Hopefully we all have one or two we can remember. I do.
Thank you all Teachers!

Unknown said...

Wow, that school sure beats the concrete tilt-ups I learned in.

That is very gracious of you to stop by and encourage the students.

Philip Koch said...

Billspaintingmn got me thinking about my own past.

I went to public schools from K through 12. Looking back at it, I think I had a remarkably high number of good teachers. Collectively they had a lot of imagination, humor, dedication and patience. Sadly, I never thought to thank any of them at the time.

Stape, I'd be surprised if many readers of your blog think the Ashcan School painters were in fact tasteless. I think you're going to be guilty of preaching to the choir on this next post.

alotter said...

I heartily endorse the philosophy behind "ashcan" art. I even have a painting of my own with a couple of trash cans in it. Oddly enough, it also has snow in it. (Ashcan paintings seem to include disproportionate number of snow scenes.) I was trying to include that painting in this comment, but not sure how folks have managed to attach an image. If I don't succeed, and if you are that curious, it's at this URL (Nutfield Lane):

jeff said...

George Bellows was one hell of a painter. The cityscapes and all those amazing boxing paintings. Not to mention the work he did in Maine.
If it was not for the Ash Can chaps Bellows would not have developed.

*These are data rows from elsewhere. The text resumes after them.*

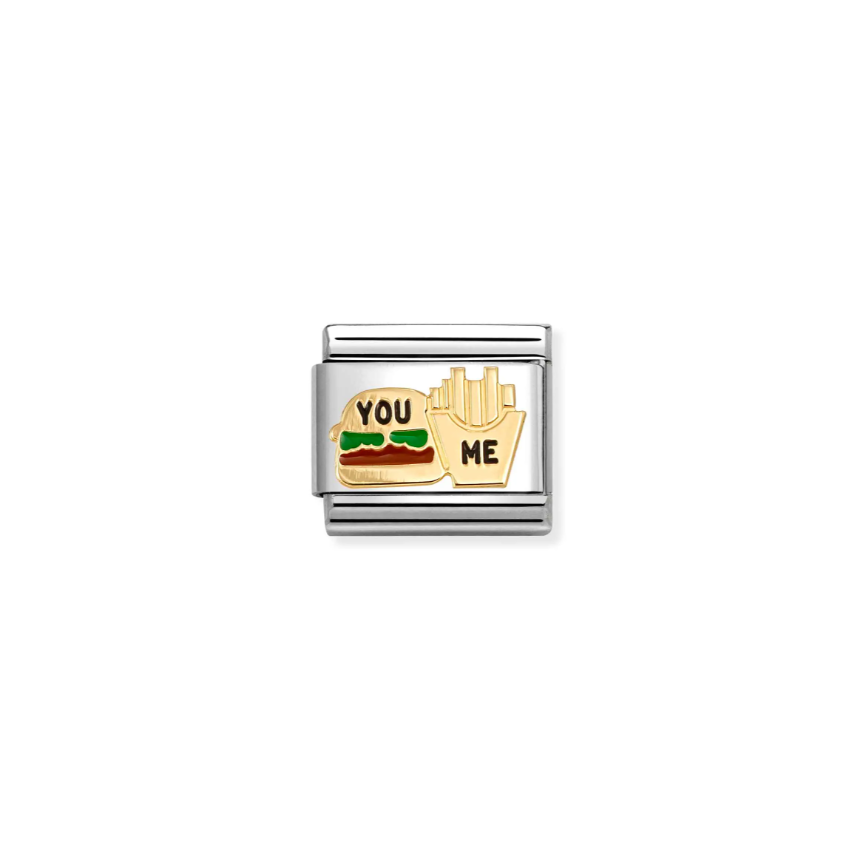 Nomination Burger and Fries 18ct Gold and Stainless Steel Composable Charm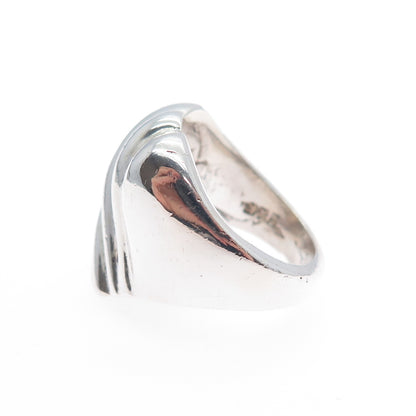 925 Sterling Silver Vintage Mexico Modernist Ring Size 6.25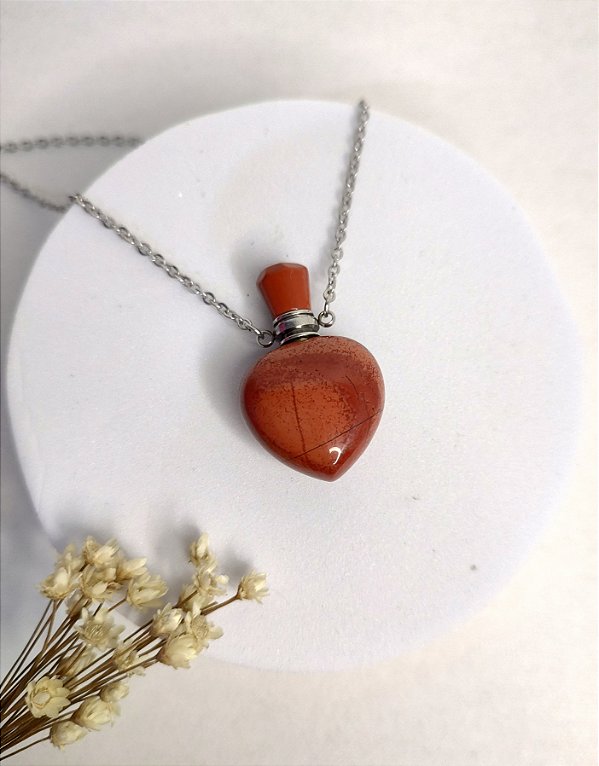 Colar Difusor Aço Jaspe vermelho - Praticidade e Vitalidade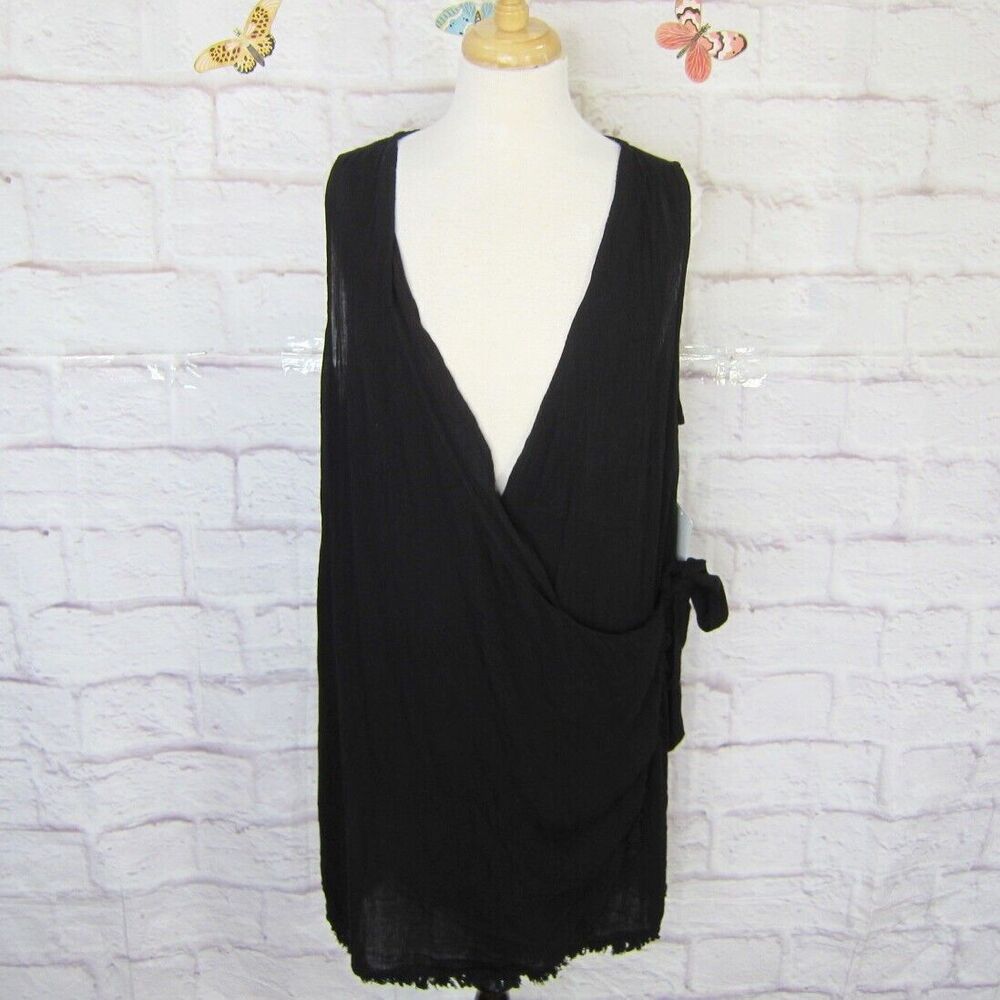 Swimsuits For All Women’s 18/20 Cover Up Black Sleeveless Side Tie Fringe Trim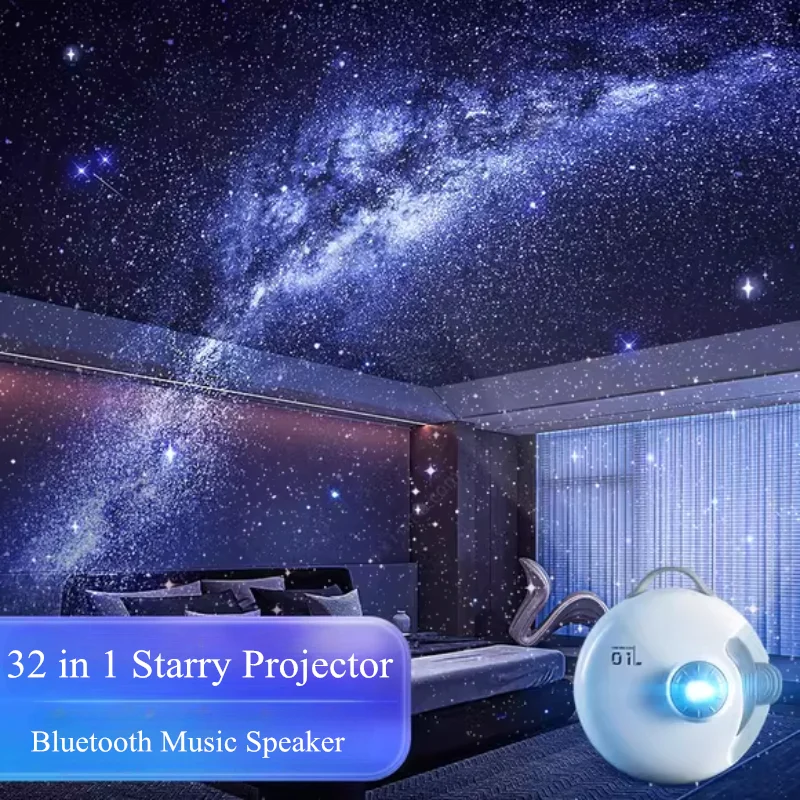 32 in 1 LED Galaxy Planetarium Projector Lamp Remote Bluetooth Speaker Star Night Light Kids Room Ceiling Home Decor Nightlights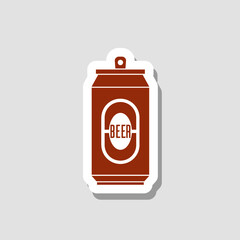 Can of beer icon isolated on gray background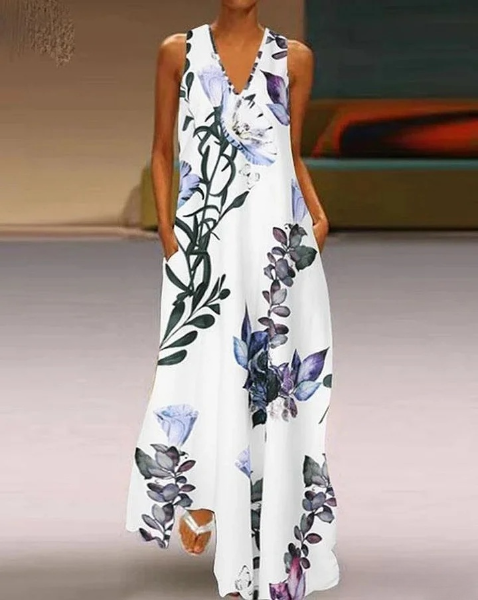 Zomerse maxi jurk met bloemenpatroon en boho uitstraling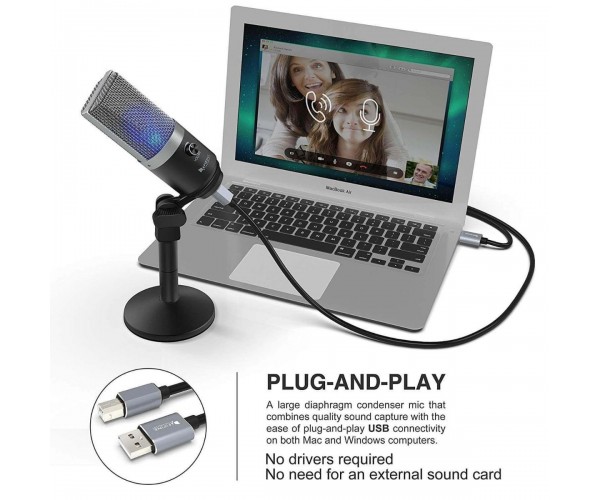 Metal Body USB Microphone- FiFINE K670 Best For YouTube Recording, Streaming, Voice Over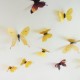 Pack de 18 papillons 3D adhésifs chics translucides violet
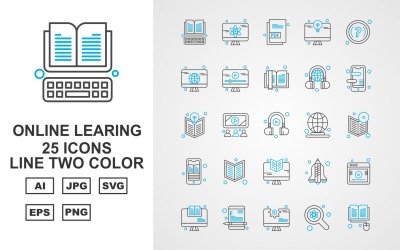 25 Premium Online Learning Line Conjunto de iconos de dos colores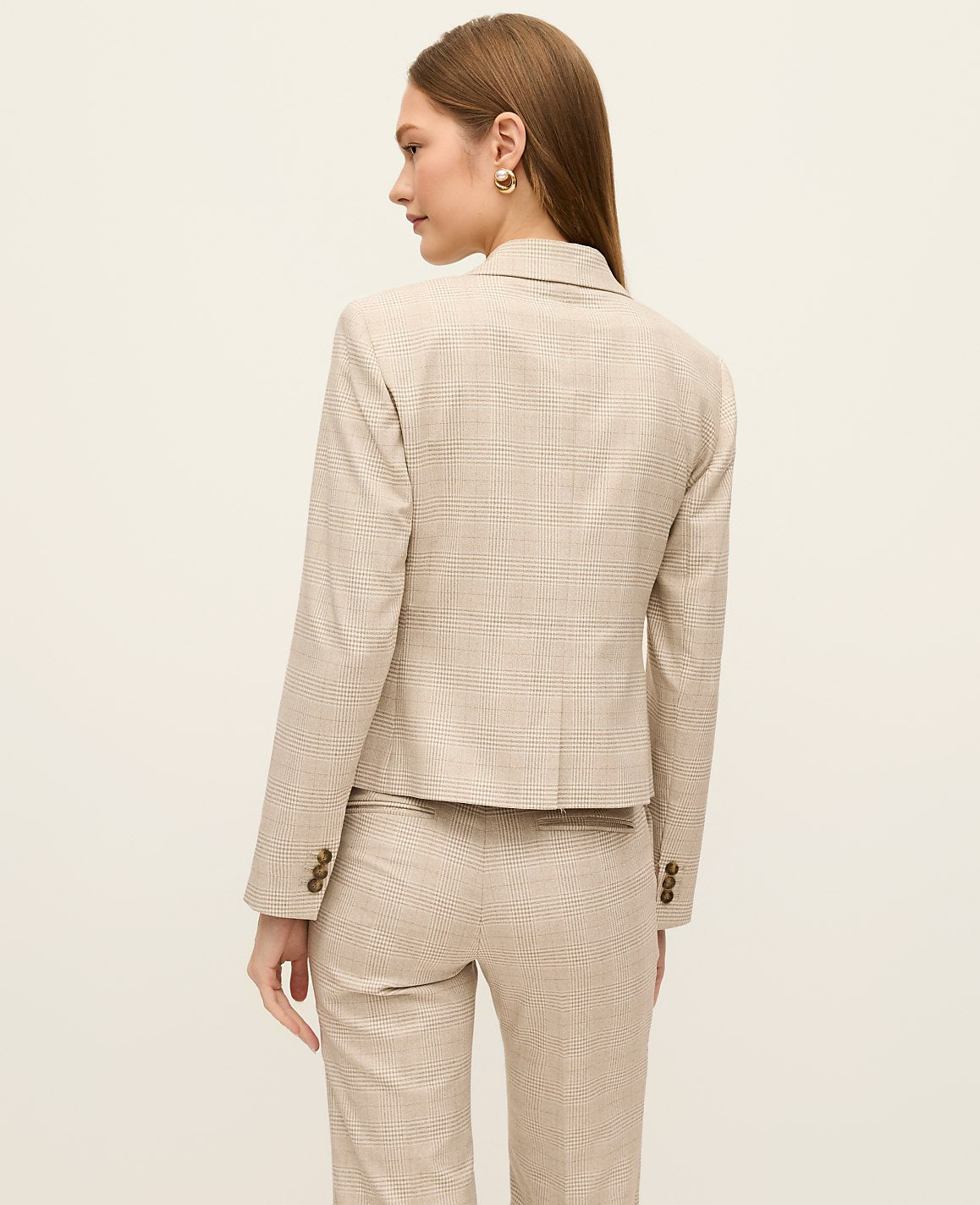 The Single Button Fitted Blazer in Glen Check | Ann Taylor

George Luks, Sloane, and of course Henri. All wonderful painters.

Luks was apparently was a bit of a brawler and died after being beaten up after a brawl in a bar. They found him slumped over in a doorway I think.

jeff said...

Sorry for another post on Luks, he was one my favorite of this group.

From Wikipedia:

Luks was a born rebel. He prided himself on being the "bad boy" of American Art, and downplayed Henri's influence on his artistic development. Luks was a heavy drinker, and his friend, one-time roommate and fellow member of "The Eight", William Glackens, often had to undress him and haul him to bed after a night of drunken debauchery.[4] Although many sources confirm this tendency, they also equally characterize him as one with a kind heart who befriended people on the street who often became his subjects for his works of art. An example of this is The Rag Picker (1905), in which Luks depicted exquisite details of the elderly homeless person who knew all too well of the harsh realities of the street. Luks's friends adored him because of his humor and the way he inspired them. They understood and accepted his unusualness.

Luks was found dead by a police officer in October, 1933 after he had died in the early hours of the morning after a bar room brawl.

Ira Glackens, the son of William Glackens, wrote of his recollection of Luks's death, stating that the papers proclaimed George was found dead at the doorway when he had planned on going to paint the dawn, when in actuality, the harmless old man had been beaten to death by one of the other customers at the bar.

In reference to his funeral, it was crowded by family and past and present friends. He was buried in an eighteenth century embroidered waistcoat that was one of his most important and valuable possessions.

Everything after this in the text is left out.